Kristen Trimble and Brandon Arndt at last year’s MHF Walk/Run for Children’s Cancer. The 2014 Walk/Run is set for March 15.
Imagine being told your child has cancer. It is the most dreaded news a parent could imagine.
Thankfully for the Santa Clarita Valley, the Michael Hoefflin Foundation for Children’s Cancer (MHF) provides families stricken with this news both the financial and emotional support they need at such a devastating time. With everything from grocery and gasoline cards, to Kare Kits for the hospital for newly diagnosed patients and their families, as well as counseling and tutoring services, MHF serves as a beacon of hope when families find they have none.

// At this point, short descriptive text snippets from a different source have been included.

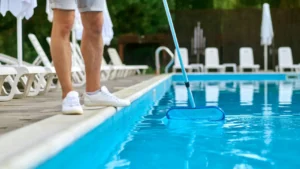pool technician cleaning the swimming pool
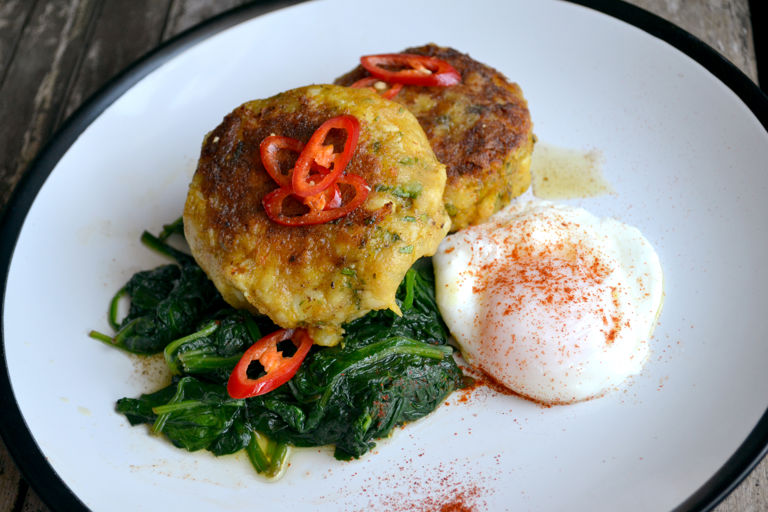 Curried fish cakes with spinach and poached egg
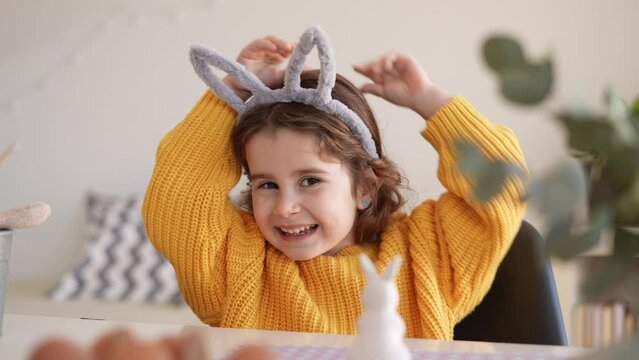 Portrait of funny girl with headband with ears looking at camera and reading. Preparation and celebration of Easter party.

The Foundation serves patients from birth through 20 years of age. MHF offers a couple of support groups for parents, patients and siblings, as well as a group for families who lose their child to cancer. The Foundation recently started a support group for young adult cancer patients, as well.
In addition to MHF staff, the young adult support group was started with the help of local residents Kirsten Trimble and Brandon Arndt, both of whom were diagnosed with a type of brain tumor called a Glioblastoma multiforme—she at the age of 23, after two other brain cancer diagnoses starting at the age of 17, and he during his senior year in high school. Both Trimble and Arndt have received MHF’s services.
The peer led group meets on the fourth Thursday of every month from 7 to 8:30 p.m. at the Michael Hoefflin Foundation office. The group is open to all cancer patients and survivors between the ages of 18 to 29, regardless of whether or not they have received services from MHF. About 10 members attend so far, and MHF would like invite more people to join.
“We are working on making the group more interactive,” said Trimble, explaining that psychotherapist Candye Rucker lets her and Arndt facilitate the meetings. “We want people to share their stories, to share what they’ve gone through, in a way that will ultimately help them.”
Anita Seibert, outreach program coordinator for Michael Hoefflin Foundation, noted that there was a need for such a group. “This was a group that needed to come together for a long time,” Seibert explained. “This group fills the need for young adults dealing with the emotional effects of cancer who need others who can understand their stories and relate to them.”